Karena denda yang tak masuk di akal tersebut, Lastari mencoba meminta penjelasan atas nominal tersebut berupa rincian denda dan bunga yang disodorkan kepadanya. Namun, pihak BPR tidak dapat memberikan keterangan dan meminta melupakan angka sebesar 36 juta tersebut dengan hanya mengenakan biaya sebesar 8,3 juta kepadanya.
“Ini kan jadi semakin aneh. Pokok pinjaman dan pokok denda sudah nol, tapi lagi-lagi saya dimintai uang yang katanya denda dan bunga. Ini jelas sangat memberatkan dan semakin mencekik saya sebagai nasabah,” keluhnya.
Sementara itu, Kepala Cabang BPR Babat Lestari Tuban, Edi Hendro saat dikonfirmasi awak media mengaku, jika permasalahan yang terjadi antara pihak BPR dan nasabah bernama Lastari sudah dilimpahkan ke Direksi kantor pusat, yakni BPR Lestari Nusantara Indonesia yang berada di Surabaya.
“Kita di cabang tidak memiliki kewenangan apapun, soalnya penanganannya sudah di handle oleh pihak pusat,” jelas Edi, Kamis (19/8/2021).
Dikonfirmasi terpisah, Direksi BPR Lestari Nusantara Indonesia, Sri Astuti menyampaikan bahwa terkait permasalahan yang terjadi antara BPR Babat Lestari dengan nasabah bernama Lastari ini merupakan hal sangat sederhana. Namun, pihak nasabah tidak dapat diajak berbicara secara baik-baik, sehingga seluruh data dilimpahkan ke kantor pusat Surabaya.
“Kemarin Pak Edi dari Kacab sudah berupaya memberikan penjelasan dengan baik-baik, namun nasabahnya tidak bisa.
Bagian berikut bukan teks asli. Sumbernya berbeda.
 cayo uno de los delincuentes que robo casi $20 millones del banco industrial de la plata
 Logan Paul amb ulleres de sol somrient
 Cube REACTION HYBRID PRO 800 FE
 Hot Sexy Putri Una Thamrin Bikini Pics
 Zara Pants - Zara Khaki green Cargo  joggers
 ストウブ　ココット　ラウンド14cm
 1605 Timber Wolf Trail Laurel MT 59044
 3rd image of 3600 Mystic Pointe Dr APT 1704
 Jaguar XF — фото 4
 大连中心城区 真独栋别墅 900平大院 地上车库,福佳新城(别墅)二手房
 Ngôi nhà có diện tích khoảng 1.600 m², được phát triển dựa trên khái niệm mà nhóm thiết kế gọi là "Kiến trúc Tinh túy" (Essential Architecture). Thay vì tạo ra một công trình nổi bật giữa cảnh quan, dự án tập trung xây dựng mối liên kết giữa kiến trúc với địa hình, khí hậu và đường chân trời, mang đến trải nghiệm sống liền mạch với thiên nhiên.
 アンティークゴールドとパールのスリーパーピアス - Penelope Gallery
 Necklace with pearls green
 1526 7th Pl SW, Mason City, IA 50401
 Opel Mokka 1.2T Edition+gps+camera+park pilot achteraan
Berarti ini kan sudah deadlock,” kata Sri Astuti.
Pihaknya mengklaim bahwa BPR Lestari Nusantara Indonesia berada dibawah naungan Otoritas Jasa Keuangan (OJK). Apabila terjadi permasalahan, dapat selesaikan secara kekeluargaan dulu ke Lembaga Alternatif Sengketa (LAPS). Adapun yang seharusnya diselesaikan oleh nasabah berkisar 57 juta, namun pihak BPR hanya mengenakan bunga dan denda sebesar 28 juta saja.
“Kami sangat terbuka kok. Kita tidak bisa berbicara panjang lebar melalui telepon. Monggo jika teman-teman dari Tuban mau konfirmasi bisa langsung datang ke kantor pusat atau ketemu di kantor OJK juga bisa,” tutupnya.